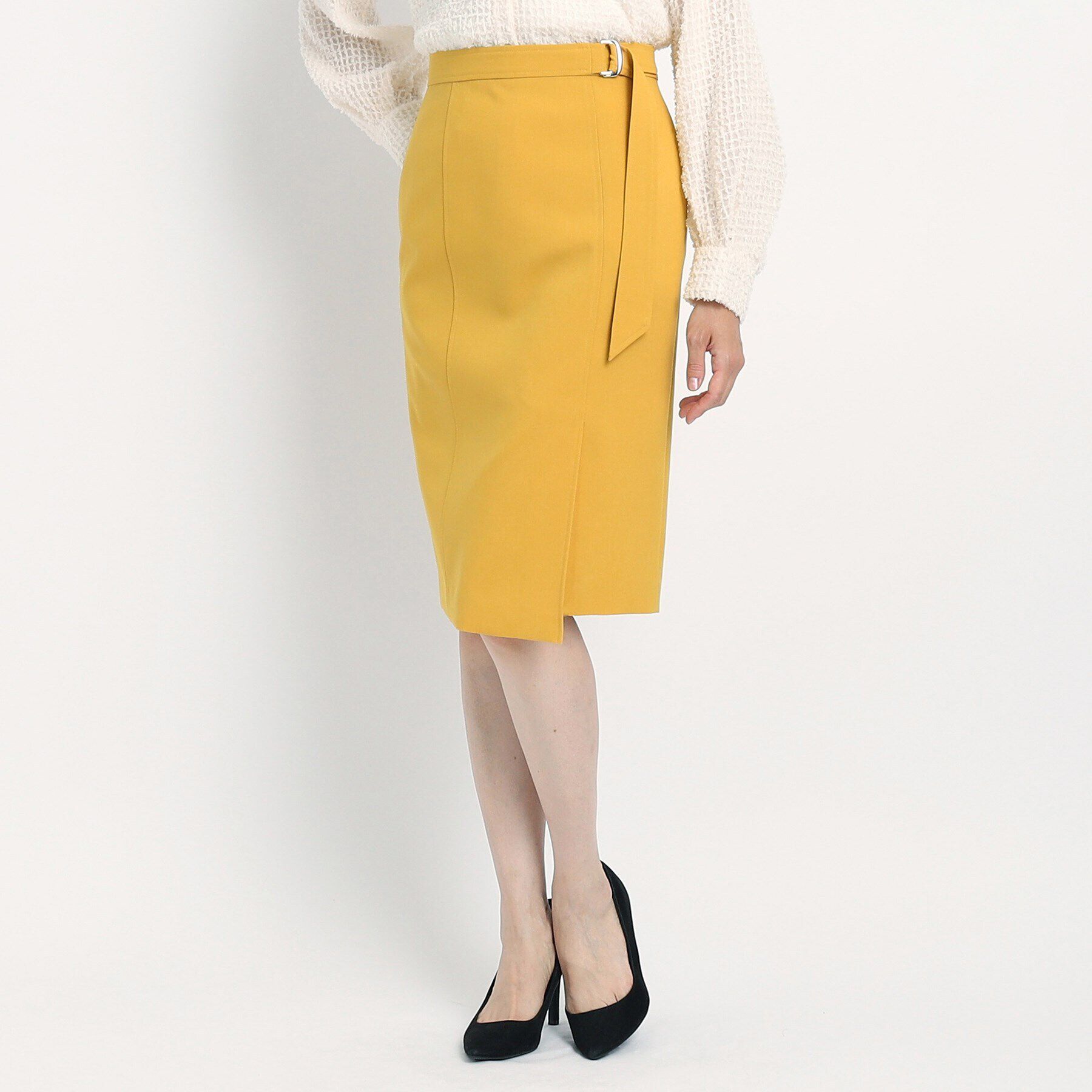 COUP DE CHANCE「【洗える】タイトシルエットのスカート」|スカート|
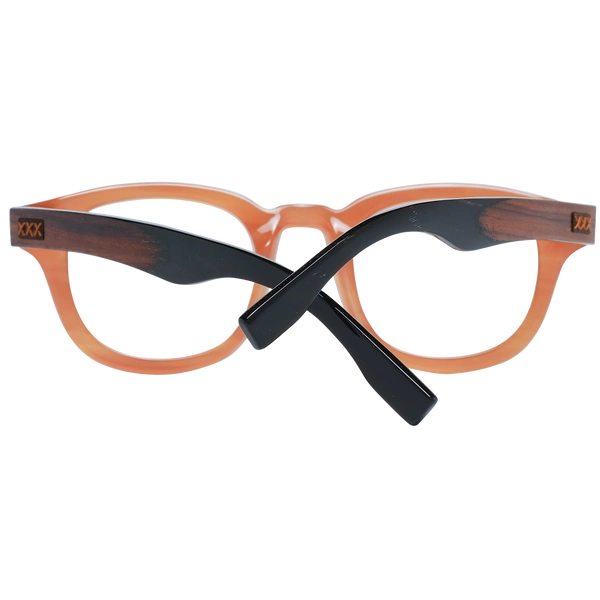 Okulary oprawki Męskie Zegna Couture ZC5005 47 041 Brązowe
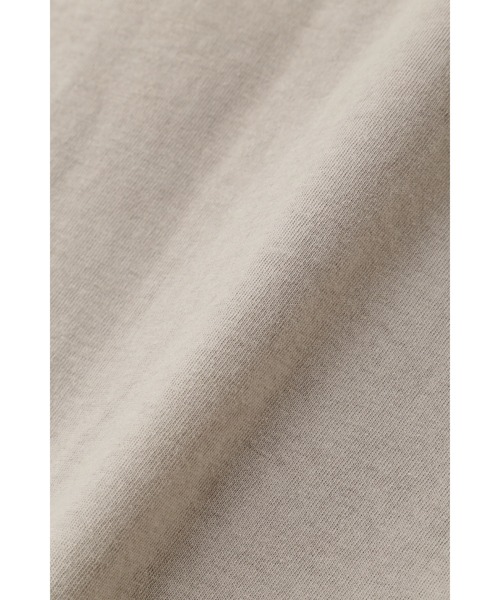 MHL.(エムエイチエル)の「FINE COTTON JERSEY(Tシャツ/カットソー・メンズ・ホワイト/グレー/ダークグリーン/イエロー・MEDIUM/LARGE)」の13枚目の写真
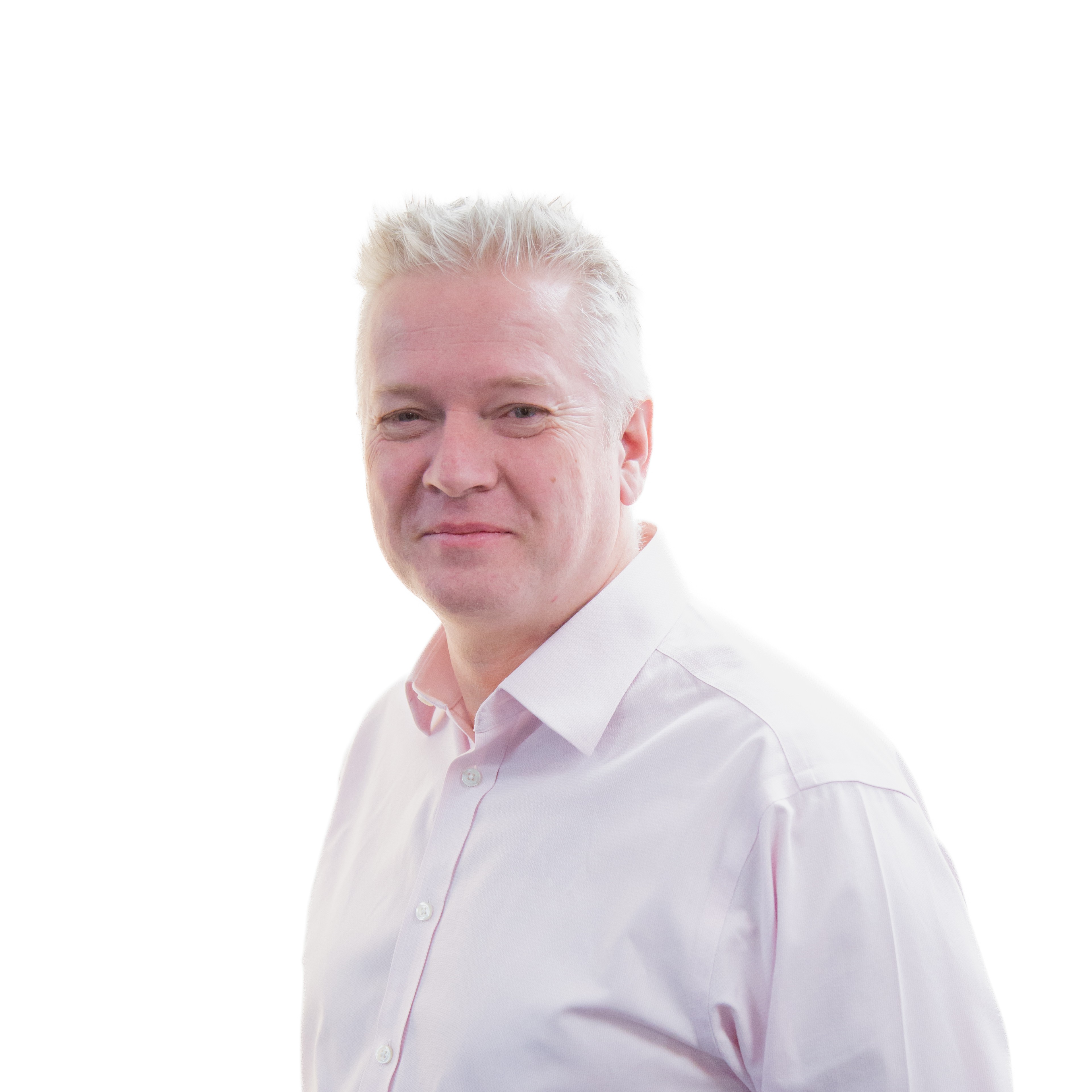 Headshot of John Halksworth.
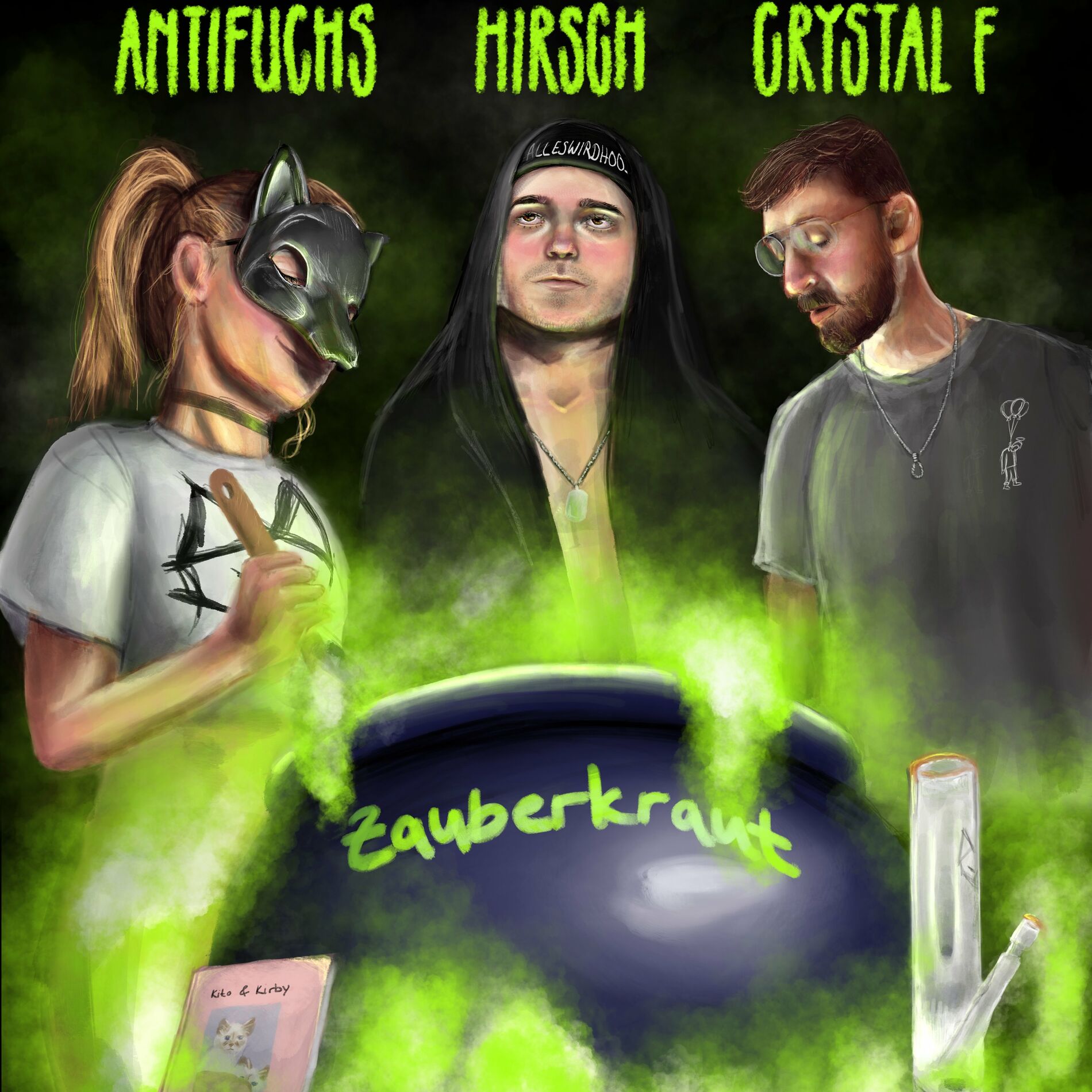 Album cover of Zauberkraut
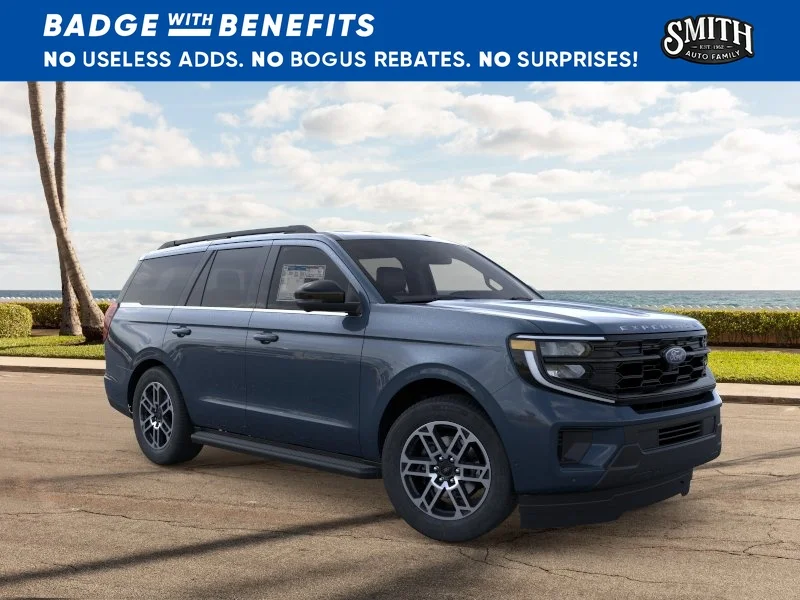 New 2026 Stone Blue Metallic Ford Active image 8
-------------------------
_Problem requirements_
Except for the pictures, print the data above exactly.

_Answer for this exercise_
 COUP DE CHANCE「【洗える】タイトシルエットのスカート」|スカート|
 Okulary oprawki Męskie Zegna Couture ZC5005 47 041 Brązowe
 MHL.(エムエイチエル)の「FINE COTTON JERSEY(Tシャツ/カットソー・メンズ・ホワイト/グレー/ダークグリーン/イエロー・MEDIUM/LARGE)」の13枚目の写真
 Headshot of John Halksworth.
 Album cover of Zauberkraut
 New 2026 Stone Blue Metallic Ford Active image 8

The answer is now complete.